In some cases, the split-shot can be overdone causing reduced sensitivity and bream sucking the cricket off of your hook. Use only enough split-shot to where the spring-stick float sets upright in the water and where the bulb is sunk about halfway.

Throughout the thick mats of hydrilla, there are openings to toss or drop your rig into. Adjust your float, starting out approximately 3 to 3 1/2 feet above your hook and only deeper if it becomes necessary. A few twitches, along with a slow start-stop reel pattern, will entice big palm readers out from the shadows of the hydrilla.

With all fishing, you have to contend with a few small bait stealers. But Cow Island Lake has plenty of bull bream that will flat out whack your bait and make your float disappear, like Jaws pulling under a 55-gallon drum.
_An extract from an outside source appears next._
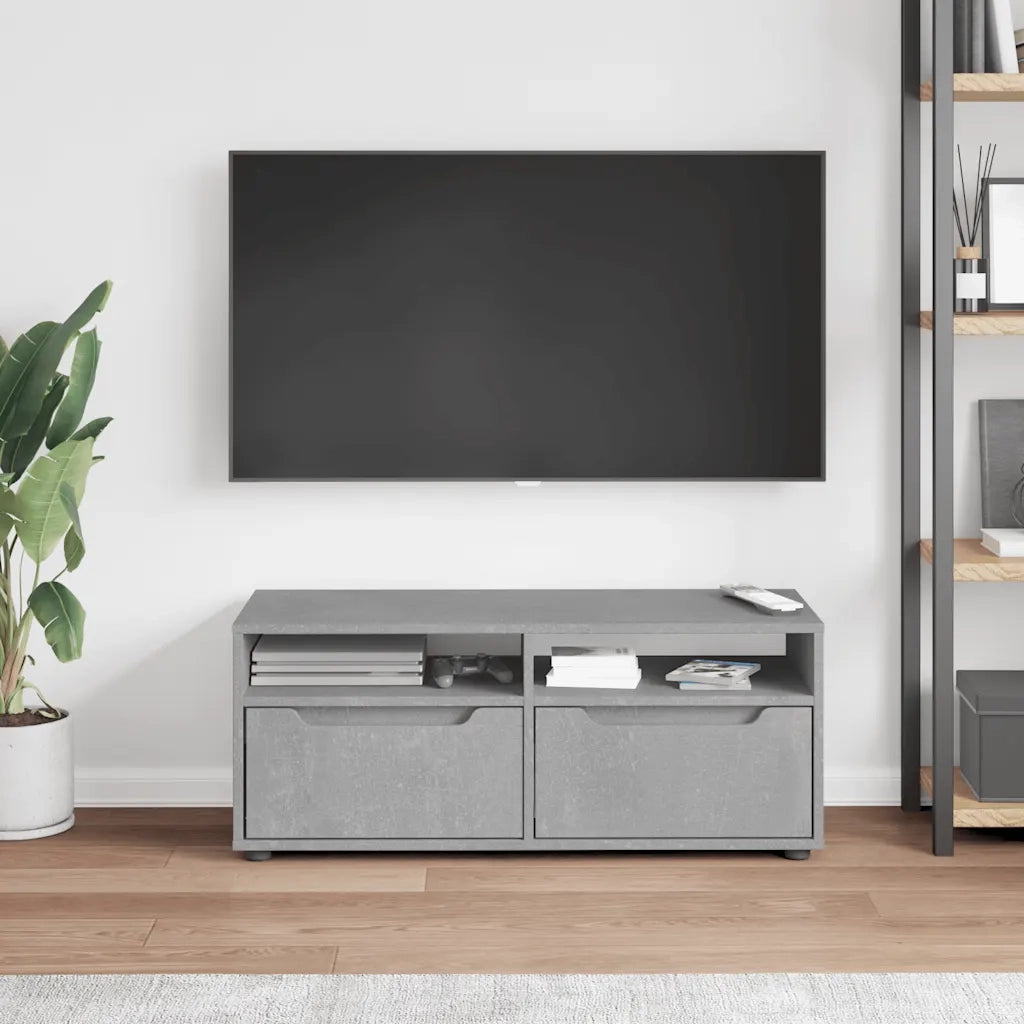 Mobile TV-Credenza per TV-Console TV VISNES Grigio Cemento 100x40x38 cm Legno Multistrato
Once you've found a deep, dark hole in the hydrilla that's producing, it's not uncommon to pull several palm readers out of it. Plan to sit until the hole plays out, and then go find another. Competition on the lake is minimal. There are plenty of secluded pockets and holes in the grass to go around, and ample room for boaters to spread out on the lake.

For those who enjoy using artificial baits, old standbys like the 1/16- and 1/32-ounce Johnson Beetle Spin and Laker Critter Spin are effective along with standard crappie tube jigs.

Because the big bream are holed-up in the hydrilla, there isn't a lot of long casting or flipping that you can do for them. Anglers will be limited to jigging the holes in the blankets of grass, but the reward can be loads of fun when utilizing the micro-lures.

During the morning, Womack and I got pretty good at palm reading. Kicked back and relaxed, the Eagles tune booted up in my head again.

"Welcome to the Atchafalaya Basin…"

"Cow Island Lake, such a lovely place…"

"Living it up at Cow Island Lake in the basin…"

"What a nice surprise, bring your alibis…"

When it comes to fishing bream, who needs a spiritual advisor when you can do your own "palm reading" on Cow Island Lake.